Afforestation Without Sense: Telangana’s Green Cover Illusion

 



Afforestation Without Sense: Telangana’s Green Cover Illusion

The Telangana government never tires of boasting about its “record-breaking” afforestation drives. Crores of saplings planted, glossy photographs released, and self-congratulatory speeches delivered with clockwork precision every Vana Mahotsavam. Yet, step onto the streets of Secunderabad—or drive through its suburbs—and the reality stares back in the form of empty pits, missing saplings, and stunted plants that have not grown even a foot in a decade. This is not afforestation; it is environmental theatre.

Field evidence is damning. Nearly 80 percent of saplings planted along Secunderabad’s roadsides have disappeared. What remains are uncovered pits dug with mechanical precision and abandoned with administrative apathy. These pits neither host trees nor serve the environment. Instead, they endanger pedestrians, clog during rains, damage roads, and inconvenience residents—adding insult to ecological injury.

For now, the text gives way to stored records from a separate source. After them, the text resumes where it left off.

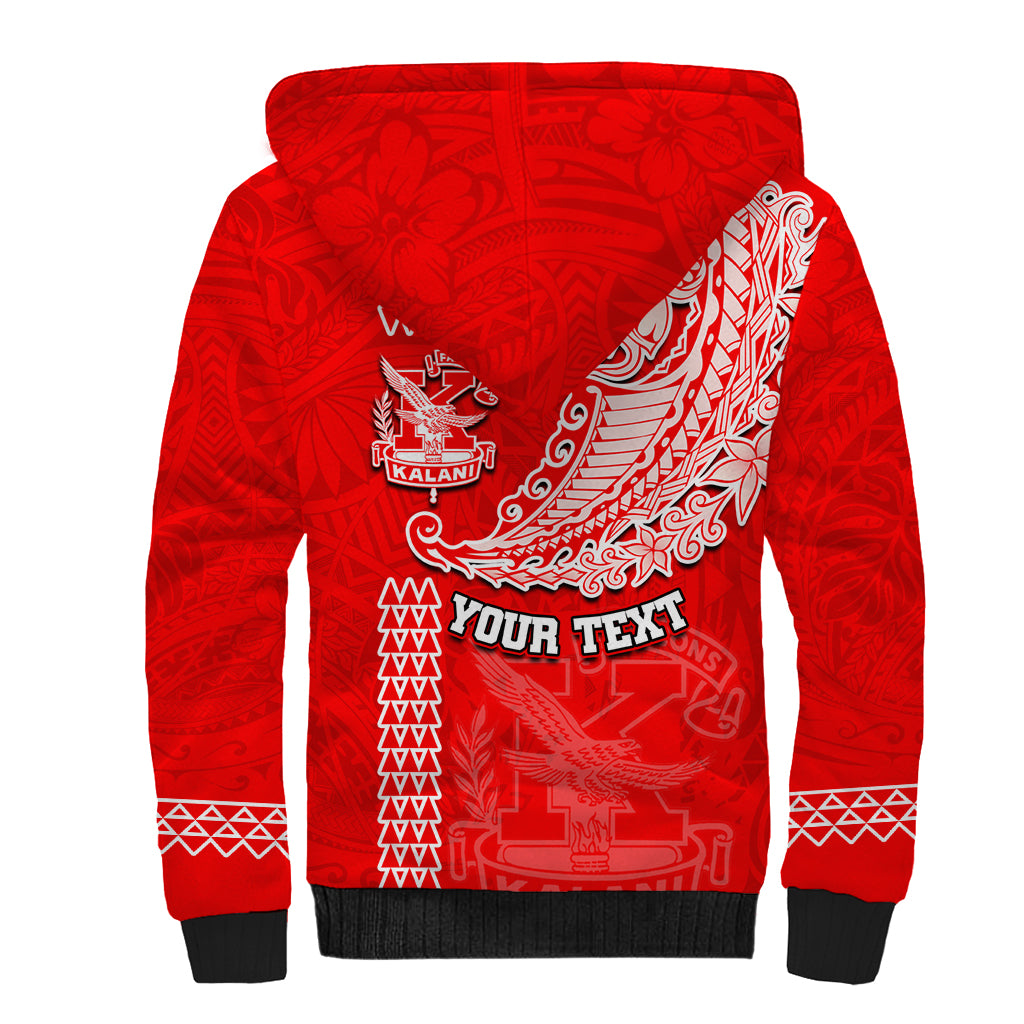Hawaii Kalani High School Sherpa Hoodie Tribal Kakau Pattern LT03 - Polynesian Pride
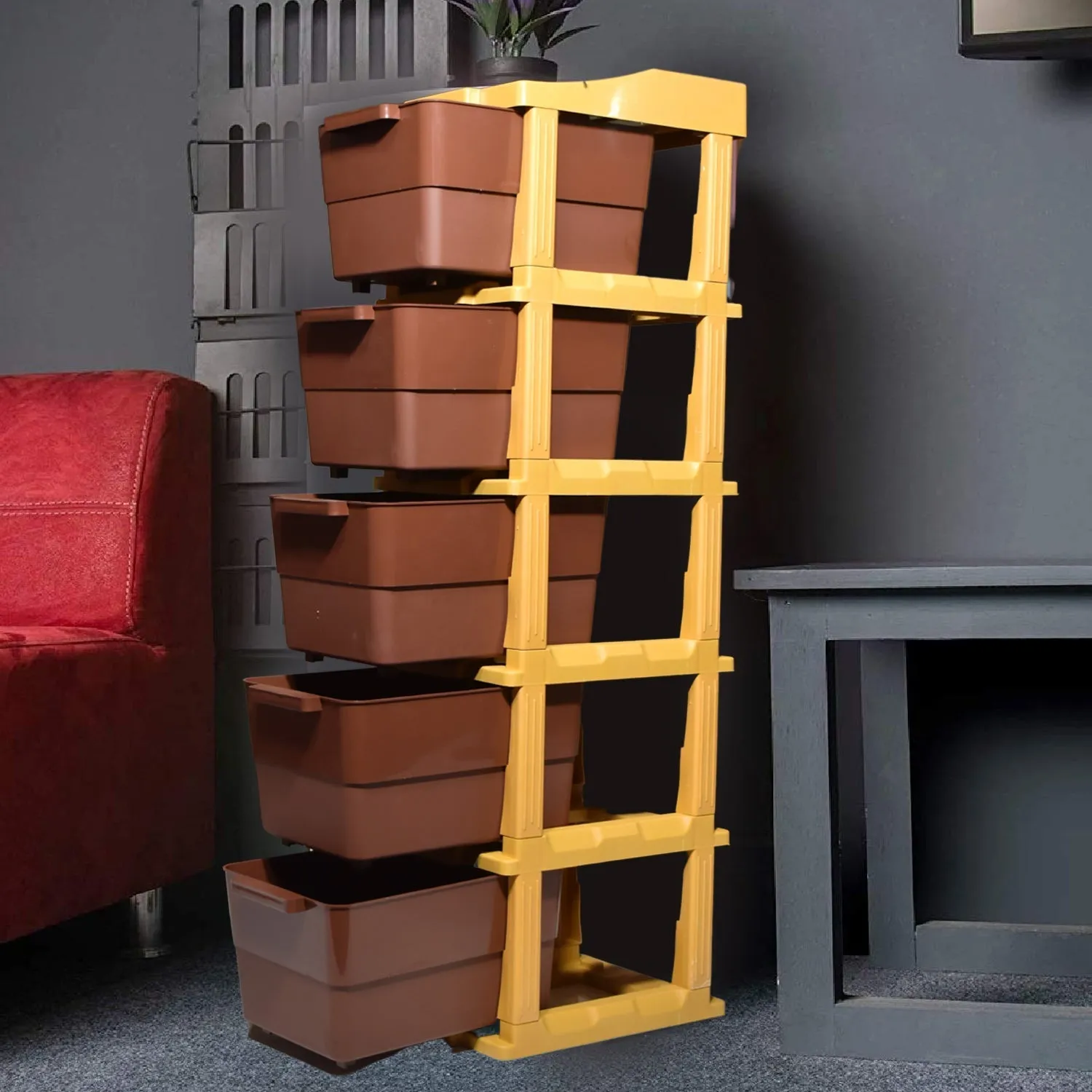 1151A 5 Tier Modular Drawer Used for storing different-different types of equipments and stuffs.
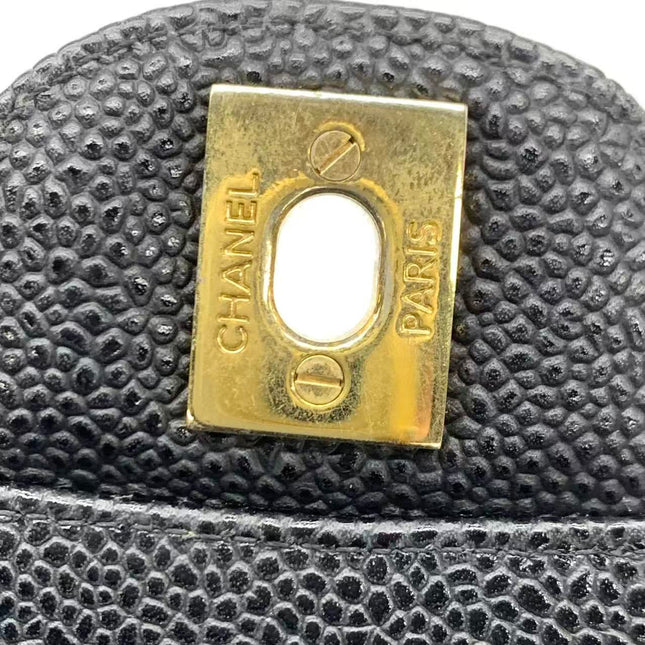 Chanel Classic Flap Medium 2014 Black Caviar Leather Gold Hardware
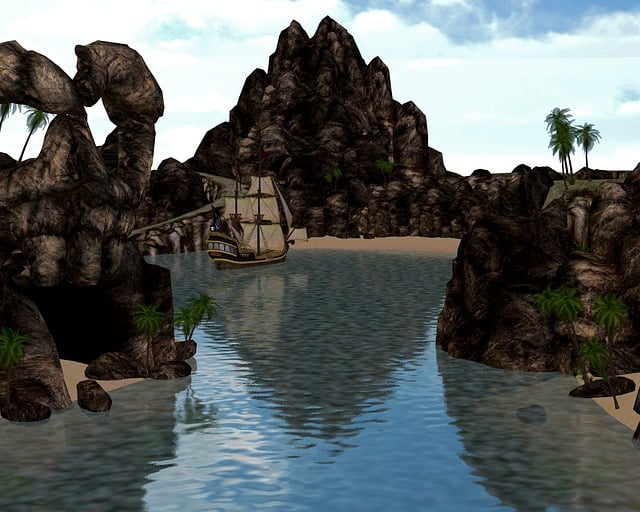 Free pirate pirate village swashbuckler illustration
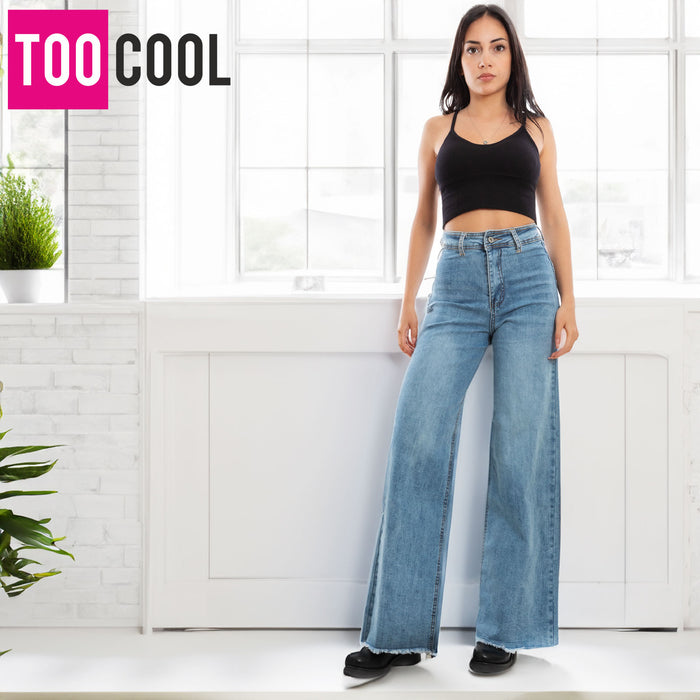 immagine-8-toocool-jeans-palazzo-gamba-larga-vita-alta-baggy-vi-6302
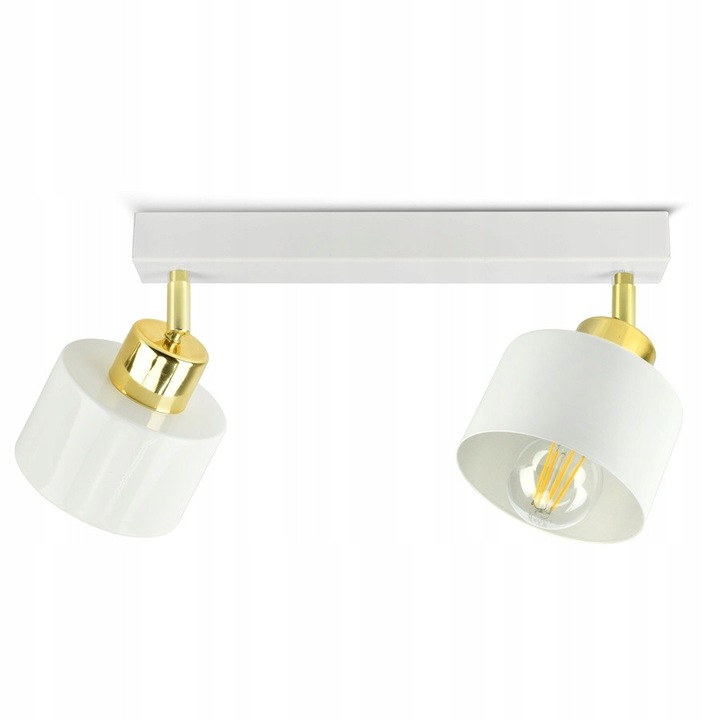 Lampa plafoniera Luxolar, alb-aurie, 12cm, E27, set complet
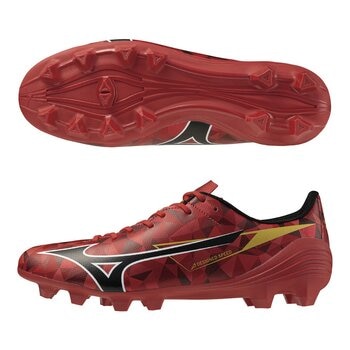 Mizuno 男足球鞋 α ll SELECT P1GA256560 紅+黑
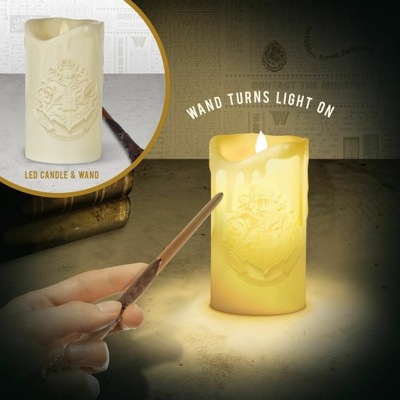 Lampka - Harry Potter świeca z różdżką 14 cm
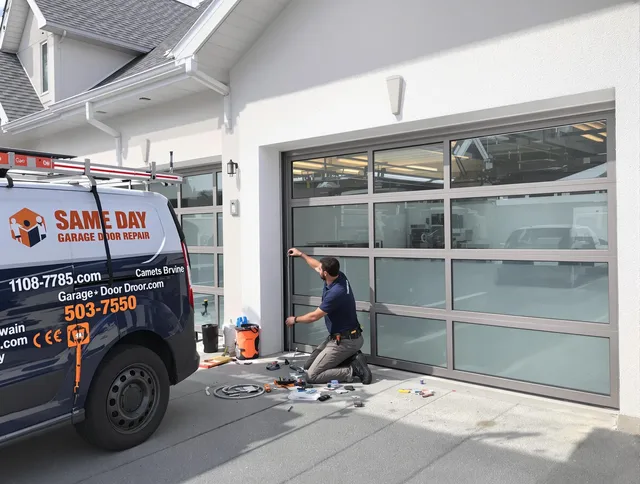 Same-day garage door repair service by Paramount Garage Door Repair in Paramount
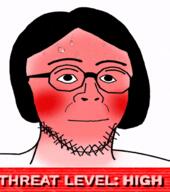 angry animated blush blushing glasses huffing red_face stubble subvariant:nulennonjak sweating threat_level variant:lennonjak variant:turtlejak // 600x678 // 1.1MB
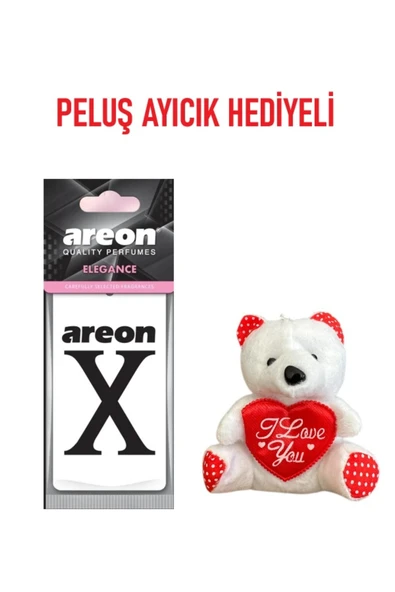 Areon Peluş Ayıcık Hediyeli X Elegance Kaliteli Araç Kokusu ürün görseli 1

Worse, the planning itself borders on farce. Saplings are planted barely three feet apart along highways, often under the dense canopy of fully grown vintage trees. Any forester with basic training knows that saplings planted under mature trees are starved of sunlight, water, and nutrients. Predictably, saplings planted as early as 2015 have not grown even one foot taller. This is not bad luck—it is bad forestry.

                                                

The absurdity doesn’t end there. Many of these roadside plantations are located along national highways earmarked for four-lane or six-lane expansion. When road widening begins, these saplings—if they survive at all—will be the first casualties. Elsewhere, saplings are planted adjacent to compound walls or directly beneath high-tension electric lines, ensuring their inevitable removal in the future. One wonders: is this ignorance, incompetence, or indifference masquerading as governance?

All this occurs despite massive funding. Telangana’s flagship Telangana Ku Haritha Haram (TKHH) has consumed over ₹10,635 crore since its inception. Add to this over ₹3,352 crore received under CAMPA funds between 2019 and 2025, plus mandatory allocations forcing local bodies to spend 10 percent of their budgets exclusively on greenery. In 2025–26 alone, the Forest & Environment Department is slated to receive ₹1,023 crore. With such financial muscle, failure cannot be brushed aside as resource scarcity—it is a failure of intent, execution, and accountability.

Afforestation without follow-up is not environmental protection; it is a sheer waste of land and scarce public capital. Forest development must be planned for forests—not for ornamental photo-ops. Sustainable forestry requires commercial logic aligned with ecological sense. High-value plantations such as teak, red sandalwood, bamboo, and medicinal plants offer ecological stability, livelihood security, and long-term economic returns. Instead, the state continues to scatter saplings indiscriminately, without soil analysis, water assessment, or survival audits.

                                

The government’s obsession with eucalyptus plantations further exposes flawed thinking. Eucalyptus is neither villain nor saviour—but it is unsuitable for regions with annual rainfall below 400 mm, a condition that applies to large parts of Telangana. Environmentalists have repeatedly warned that eucalyptus depletes groundwater, exacerbates fires, worsens soil erosion, and suppresses native flora. Yet, plantations continue without ecological impact assessments. If rainfall variability is the norm, the state must seriously consider banning eucalyptus plantations altogether.

Ironically, while eucalyptus receives disproportionate attention, bamboo—arguably one of India’s most valuable green resources—remains neglected. India is the world’s second-largest bamboo cultivator with 136 species across nearly 14 million hectares, yet accounts for only 4 per cent of global bamboo trade. Bamboo can be used in over 1,500 ways, from construction and paper to food and handicrafts. The Union government launched the National Bamboo Mission with ₹1,290 crore and even amended the Forest Act in 2017 to free bamboo outside forests from restrictive regulations. Telangana, however, has failed to leverage this opportunity meaningfully.

True forest management is neither emotional nor episodic. Countries like Finland, Norway, and Canada follow scientific inventory systems tracking hundreds of variables—soil health, vegetation cover, tree vitality, and regeneration cycles. Forests are managed compartment-wise, allowed to grow 60 to 120 years, with regeneration ensured so that stock increment always exceeds harvesting. Telangana’s approach—plant today, forget tomorrow—achieves the exact opposite.

Hyderabad’s lakes and tanks have already vanished under population pressure and poor planning. If afforestation continues as roadside tokenism, forests will follow the same fate. Empty pits will remain as silent monuments to misplaced priorities.

Afforestation cannot be reduced to arithmetic—crores planted, targets achieved, banners unfurled. It must be measured by survival, growth, ecological balance, and long-term value. Until the state government replaces hollow claims with honest audits and scientific forestry, Telangana’s green cover will remain a well-funded illusion—expensive, ineffective, and environmentally dangerous.